- For members of the Legion of the Orient, Army of the Levant and Lebanese Armed Forces who were killed and have no known grave
- Unveiled: August 1, 1945; 81 years ago
- Location: 33°52′43″N 35°30′55″E﻿ / ﻿33.8786°N 35.5154°E near Beirut City, Mathaf
- المجد والخلود لشهدائنا الأبطال (As inscribed in Arabic along with a Cedrus Libani centered by Laurus nobilis & Roman columns.) "Gloire et Éternité à nos Héros Martyrs" (Fr) "Glory and Immortality for our Martyred Heroes" (Eng)

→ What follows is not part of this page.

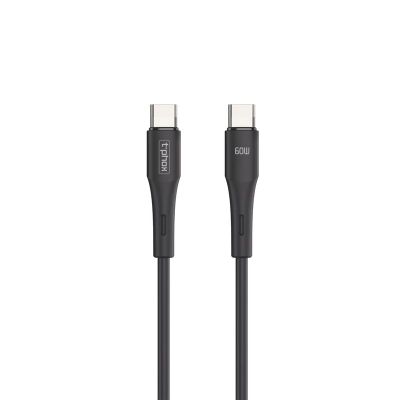 Kábel T-PHOX CABLE GENTLE USB-C/USB-C 60W čierny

= Tomb of the Unknown Soldier (Lebanon) =

Military memorial in Beirut

The Tomb of the Unknown Soldier in Beirut, Lebanon, commemorates Lebanese soldiers who served and died during the French Mandate of Lebanon from 1920 to 1943; of the Legion of the Orient (a unit formed by the French in 1916, during World War I) and its successor the Army of the Levant. The tomb also represents the forming and independence of the Lebanese Armed Forces from the French Armed Forces in 1943. The cenotaph in the middle includes a Cedrus libani tree centered by a laurel; the main symbol of Roman legions. Around the cedar tree and laurel reads in Arabic: "Glory and Immortality for our Martyred Heroes". Behind the cenotaph are original Roman columns that date back to the time of the Roman Empire.